ゴーンの不法出国は「主権侵害」か

池田 信夫

日産サイトより

カルロス・ゴーンの出国について、かなりくわしいことがわかってきた。12月29日に住居を出たまま帰宅せず、そのまま出国したようだ。このとき日産のつけていた監視に対して弁護団が「告訴する」と警告して尾行をやめさせ、その日の夜にチャーター機で関西国際空港を離陸した。

まず不思議なのは、この手際のよさである。このチャーター機はトルコの航空会社のもので、ドバイから関空に到着し、尾行が解けるまで空港で待たせていたものと思われる。弁護団が尾行を解除させたことが、結果的に不法出国を幇助したことになる。

最大の謎は、どうやって出国審査を通ったかである。出国記録にはゴーンの名前はないので、別人のパスポートで出国したか、それとも貨物として出国したかである。WSJによると、ゴーンは「音響機器の運搬に使う大型の箱」の中に隠れて搭乗したという。

チャーター機は29日に関空を離陸して30日午前にイスタンブール空港に到着し、そこから小型ジェット機に乗り継いでレバノンに到着した。このチャーター便を運航した航空会社が機内から、角が金属で補強された黒い箱を発見した。2個のうち1個は空で呼吸用の穴があけられ、あとの1個にはスピーカーが入っていたという。

普通の旅客便だと手荷物はすべて X線検査を受けるが、自家用機やチャーター機だと、それほど厳格に検査しないようだ。X線を通せない大きな荷物は検査官があけて検査するが、今回搭乗したのは2人だけだったので、あけないで通してしまったのかもしれない。

ただこれは厳密には出国審査のルール違反であり、検査官が不審に思って荷物をあけたら万事休すだ。これをどうやってすり抜けたのかが、今回の脱出劇の最大の謎である。

外交特権は使われた形跡なし

一つの方法は、外交特権を使うことだ。外交官の手荷物は検査しないことが国際的な慣習なので、レバノン大使館職員が手荷物として持ち込んだらノーチェックで出国できる。

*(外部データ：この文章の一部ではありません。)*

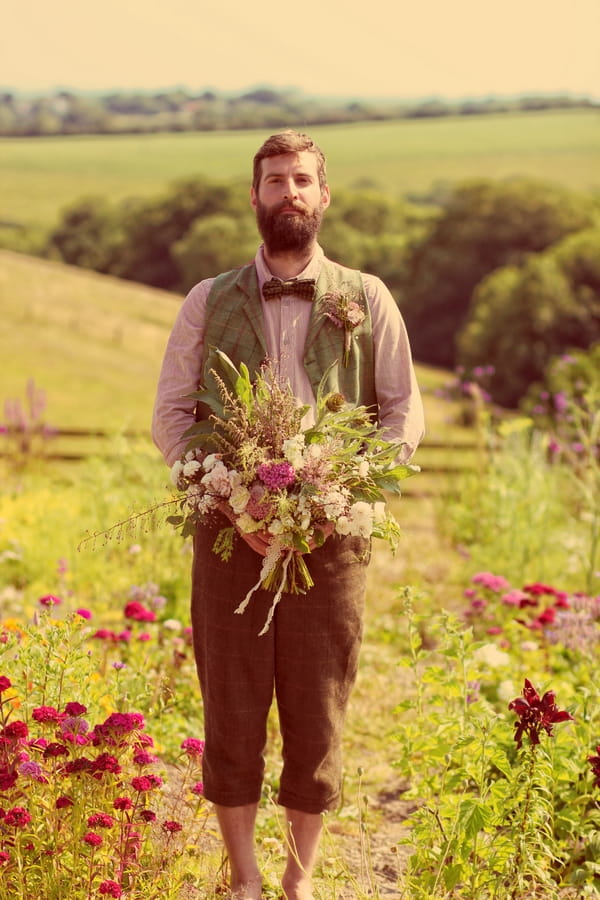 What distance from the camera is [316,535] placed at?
2.76m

この場合には、レバノン大使館が不法出国に加担したことになり、日本の国家主権を侵害した重大な事件である。実行した大使館職員は「好ましからざる人物」(persona non grata)として国外追放されるケースもある。

しかし今回の事件では、今のところ外交官が関与した形跡はない。検査官が荷物をあけないことが、どうやって事前に予想できたのだろうか。

ここで注目されるのは、この箱を運んだ2人の「民間警備会社」の社員のうち、1人がマイケル・テイラーという米陸軍特殊部隊(グリーンベレー)の出身者だったことだ。彼はNYT記者を救出した業界でも有名なプロで、ゴーンがかなり前から計画を立てて雇ったものと思われる。

米軍の情報網には、関空の出入国管理についてのデータもあるだろう。自家用機ゲートなら荷物がフリーパスになるという情報があったかもしれない。

何より世界を自家用機で飛び回っていたゴーンが、出国審査の実態を熟知しているだろう。入管は建て前では「100%検査する」というが、ゴーンだけが自家用機に乗るとき、自分で危険物を持ち込むはずがない。たった2人の乗るチャーター機の荷物を検査する必要はない、と検査官が考えても不思議ではない。

いずれにせよ今のところ、レバノン政府が日本の主権を侵害した証拠はない(入国は合法だった)。考えられるのは、ゴーンが金の力で世界最高の軍事スタッフを雇い、日本の司法当局と入管当局の裏をかいたということだ。

特に大きな失態は出国審査だが、ゴーンの足取りを見失ったことも大きい。保釈のとき弁護団がGPS機器を取り付けることを提案したのに、裁判所は監視カメラだけで24時間監視もしていなかった(監視は日産がやっていた)。逃亡をすぐ察知していれば、入管に連絡できたはずだ。

ゴーンは不法出国した犯罪者であり、彼に日本の司法を批判する資格はないが、司法制度に改めるべき点は多い。グローバル化・情報化に対応した司法改革が必要である。